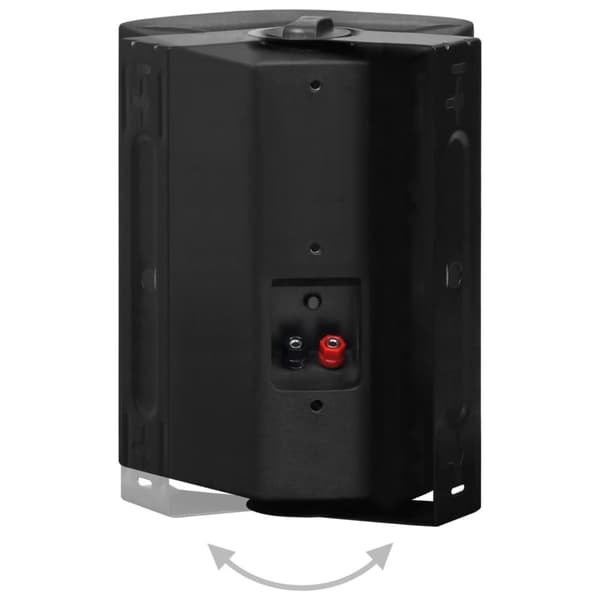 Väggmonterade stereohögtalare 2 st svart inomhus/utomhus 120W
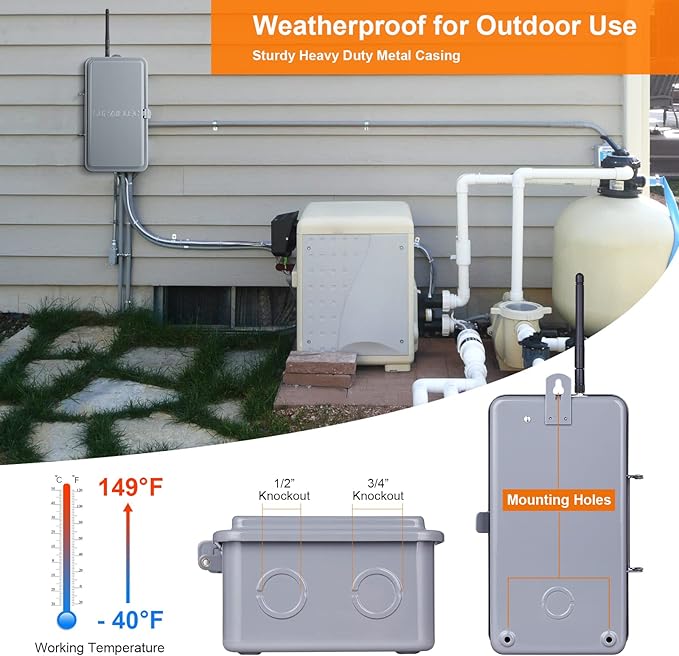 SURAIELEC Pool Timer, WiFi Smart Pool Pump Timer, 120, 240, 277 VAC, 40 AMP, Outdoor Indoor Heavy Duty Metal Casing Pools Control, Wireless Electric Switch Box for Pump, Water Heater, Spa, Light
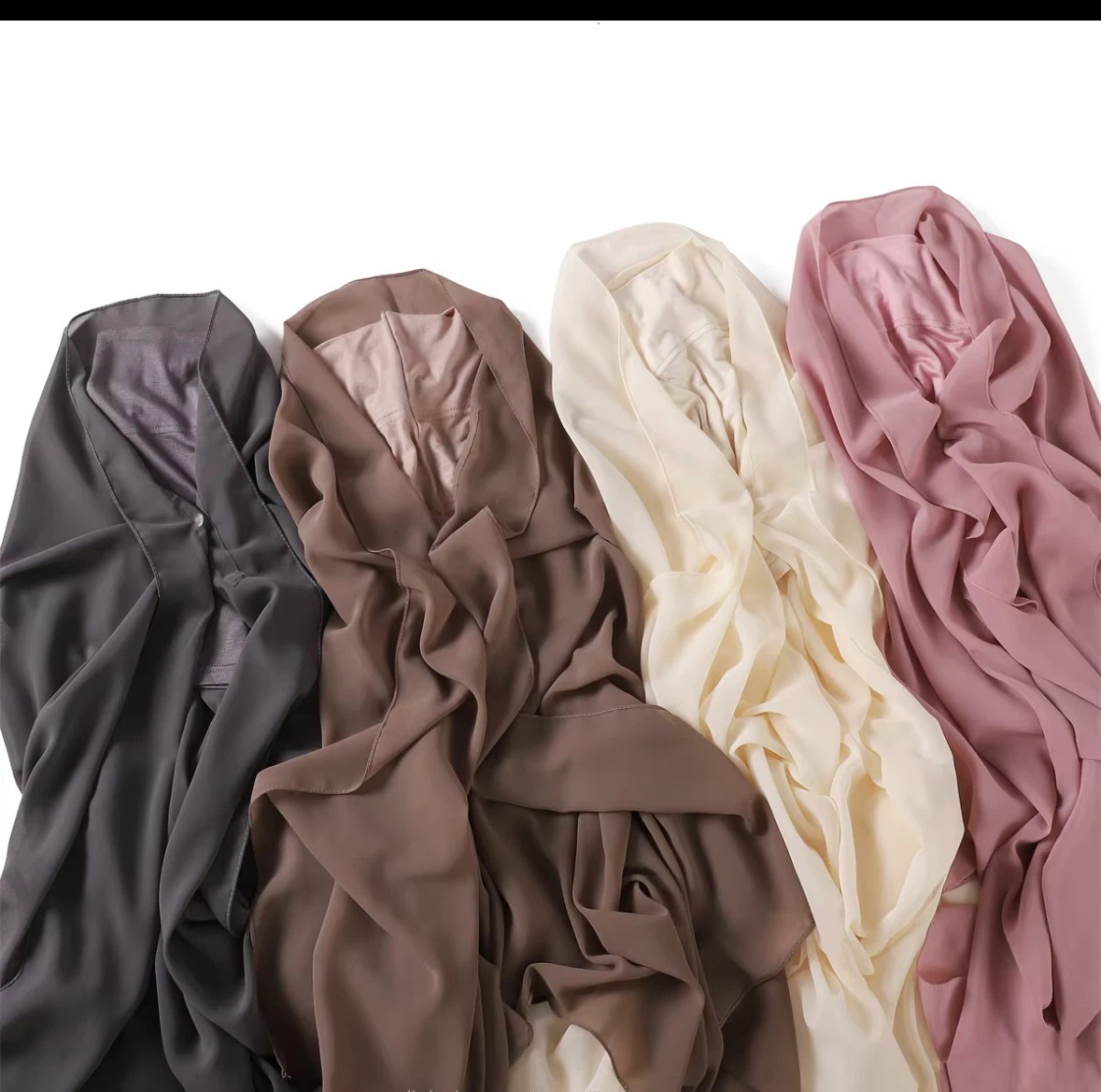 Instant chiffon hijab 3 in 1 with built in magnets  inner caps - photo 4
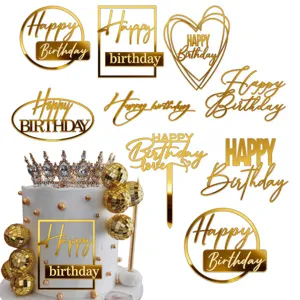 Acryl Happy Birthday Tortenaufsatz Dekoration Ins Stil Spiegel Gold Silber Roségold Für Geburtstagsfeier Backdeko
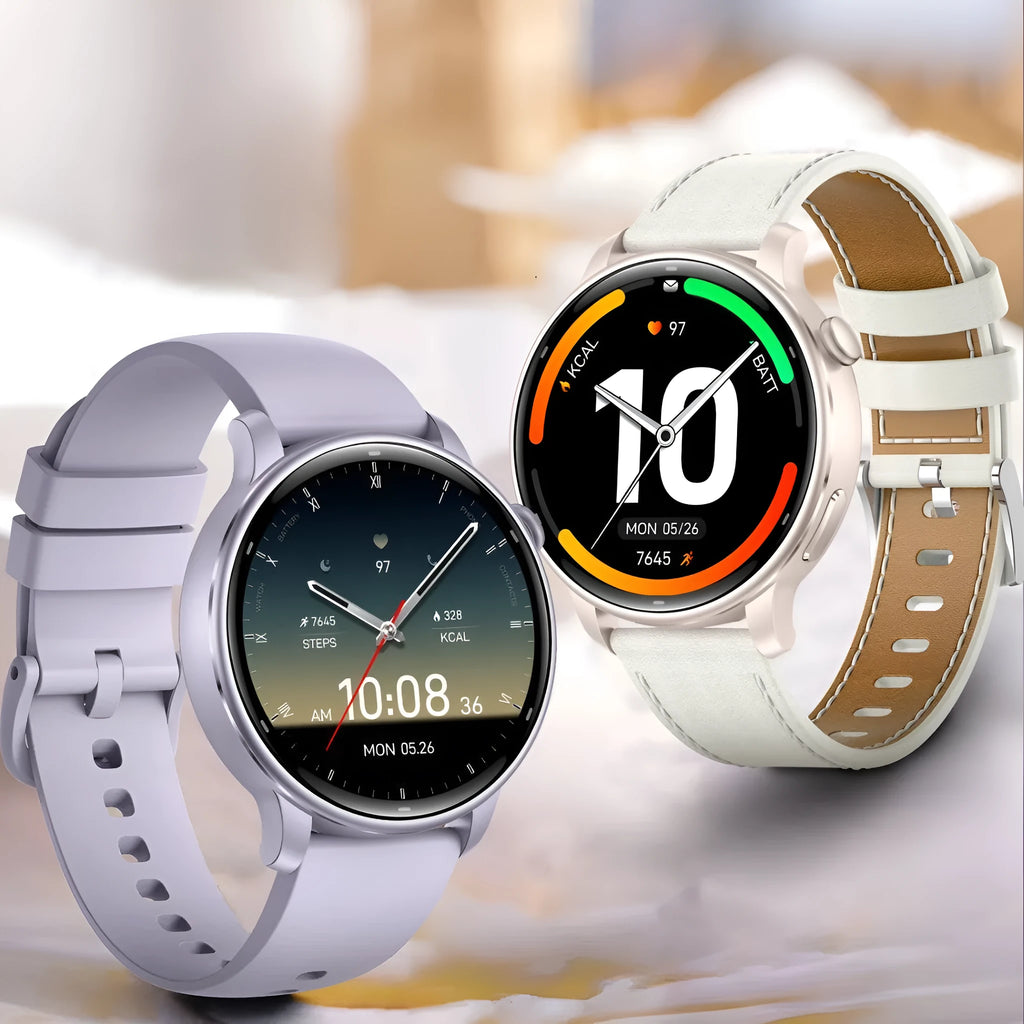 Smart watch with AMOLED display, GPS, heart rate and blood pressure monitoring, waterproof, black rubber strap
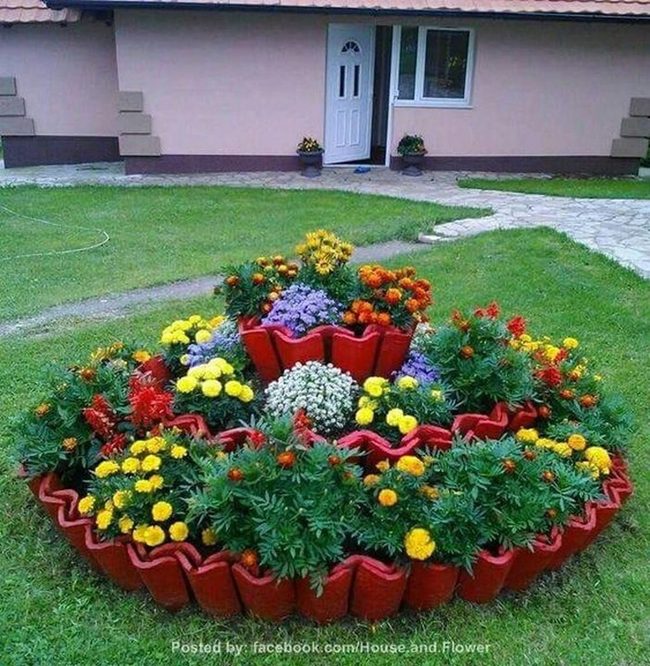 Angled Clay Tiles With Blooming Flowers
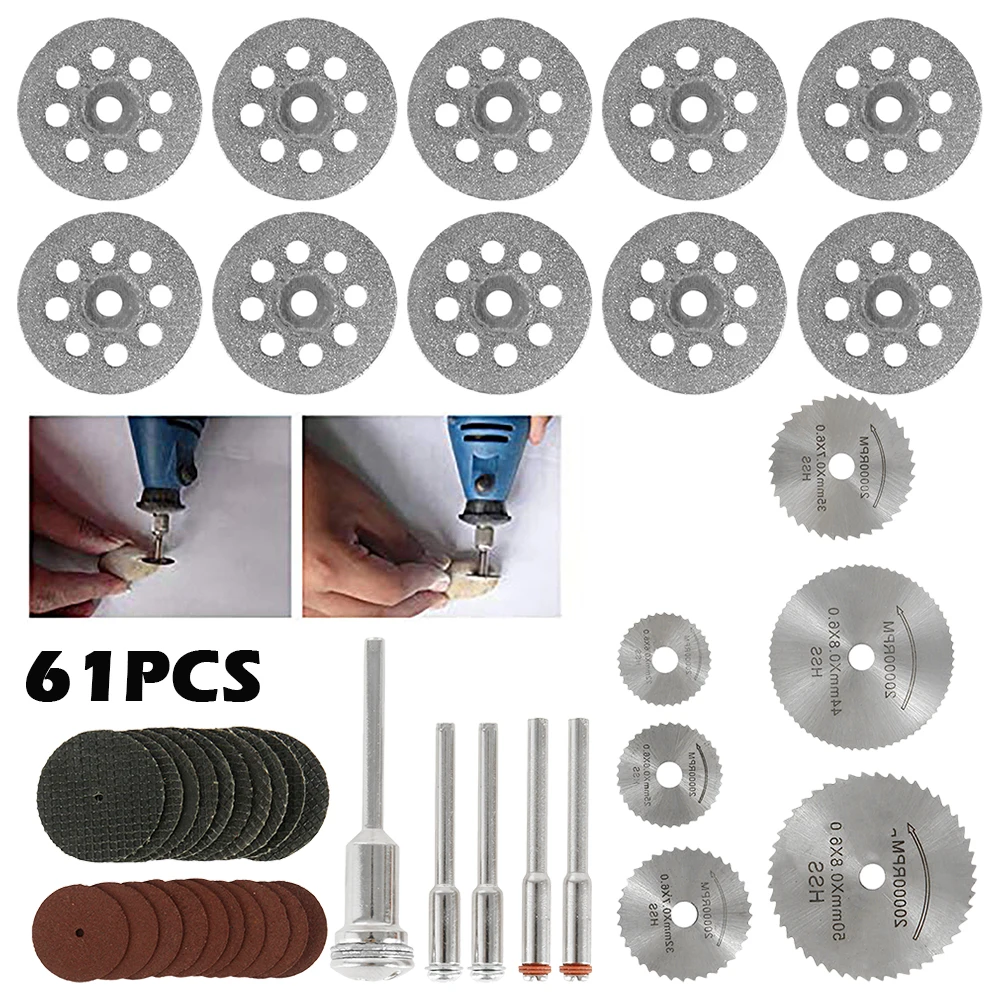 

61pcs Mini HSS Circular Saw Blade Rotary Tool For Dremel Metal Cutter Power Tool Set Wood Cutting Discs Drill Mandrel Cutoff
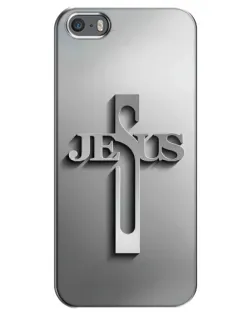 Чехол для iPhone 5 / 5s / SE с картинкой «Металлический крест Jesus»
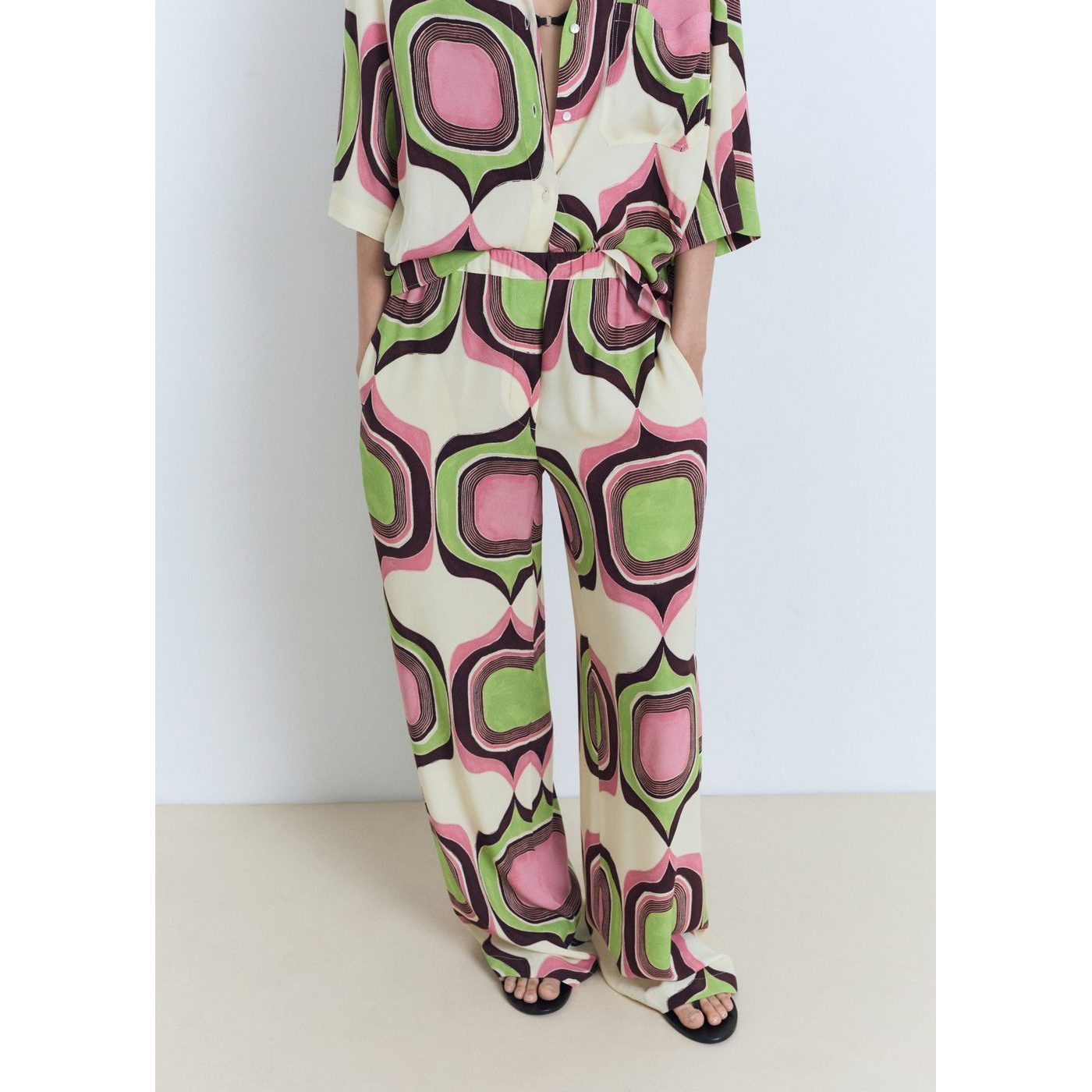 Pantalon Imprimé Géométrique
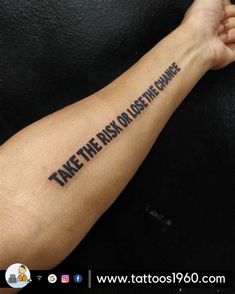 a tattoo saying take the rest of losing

> _Your task_
Return exactly what appears from the opening line of the material through the line with "Instant chiffon hijab", apart from the pictures.

> _Completed exercise_
 Väggmonterade stereohögtalare 2 st svart inomhus/utomhus 120W
 SURAIELEC Pool Timer, WiFi Smart Pool Pump Timer, 120, 240, 277 VAC, 40 AMP, Outdoor Indoor Heavy Duty Metal Casing Pools Control, Wireless Electric Switch Box for Pump, Water Heater, Spa, Light
 Instant chiffon hijab 3 in 1 with built in magnets  inner caps - photo 4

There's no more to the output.